What Would Jesus Do?

Q. How can I react to constant criticism in the manner that Jesus would expect?

Mary, via e-mail 

A. A lot depends on the nature of the criticism, and a lot depends on your personal level of holiness. While Jesus establishes a high bar for our behavior with His teachings at the Sermon on the Mount (Do unto others, turn the other cheek, etc., etc.), His own reactions varied depending on the circumstances and the issue at hand.

I have a friend who quips “no good deed goes unpunished.” It’s an ironic statement, but we always get a good chuckle from it.

If you are having a difficult time putting up with criticism, it’s time for you to turn to the assiduous practice of mental prayer and contemplate the passion of our Lord and Savior Jesus Christ. Any of our sufferings in this life pale in comparison with what Our Lord suffered. So that’s my recommendation: practice mental prayer.

Washing Hands at Mass

Q. Our priest that we were so blessed with for 24 years has just retired. This past weekend was our first Mass with the new priest. I’m sure he will be very much received in our parish, but at Mass this past weekend the servers brought up the towel and finger bowl for the priest to wash his hands, and he never did, he just continued with the Mass. The servers stood there for about five minutes, not knowing what to do, so they left the altar and just put it away. I thought the priests are supposed to wash their hands. Is it OK not to do it?

Name withheld by request, via e-mail 

A. Why your new priest does not wash his hands at Mass is beyond me. Perhaps his skin is allergic to water? Perhaps he has no desire for “interior purification?” Or perhaps he does not want to be like the Pharisees during the time of Our Lord who were self-satisfied by merely keeping the letter of the complex Mosaic law then in force?

But if you wish to know the answer, you will have to ask him directly. As for what the Church asks in this regard, here is what is stated in the GIRM:

“Then the Priest washes his hands at the side of the altar, a rite in which the desire for interior purification finds expression” (No. 76).

“After the prayer In spiritu humilitatis (With humble spirit) or after the incensation, the Priest washes his hands standing at the side of the altar and, as the minister pours the water, says quietly, Lava me, Domine (Wash me, O Lord)” (No. 145). 

Not Valid?

Q. I am wondering how it is possible that a marriage of 20 some years and that produced children could be found to be invalid? How can it not be valid?

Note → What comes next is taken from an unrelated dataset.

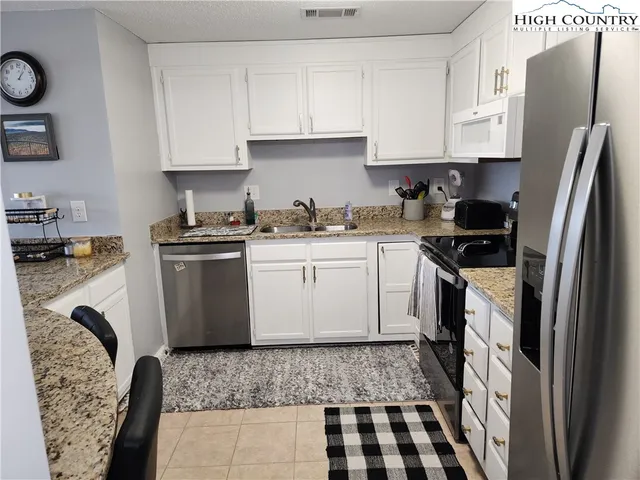 $1,750 | 303 Sugar Top Drive, Unit 3230, Sugar Mountain, NC 28604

Name withheld by request, via e-mail 

A. Many good people wonder the same thing, especially the children of such a putative marriage.

Still, upon investigation, ecclesiastical tribunals can discover incapacitating impediments or other factors that allow the Church authorities to declare that the marriage attempted 20 years previously was null and void. When that happens, the Church issues a decree of annulment.

Sometimes couples seek a divorce and annulment because marital life has become difficult over time, but difficulties do not mean that the original marital consent was invalid. Popes John Paul II and Benedict XVI reiterated this message in their yearly addresses to the Roman Rota.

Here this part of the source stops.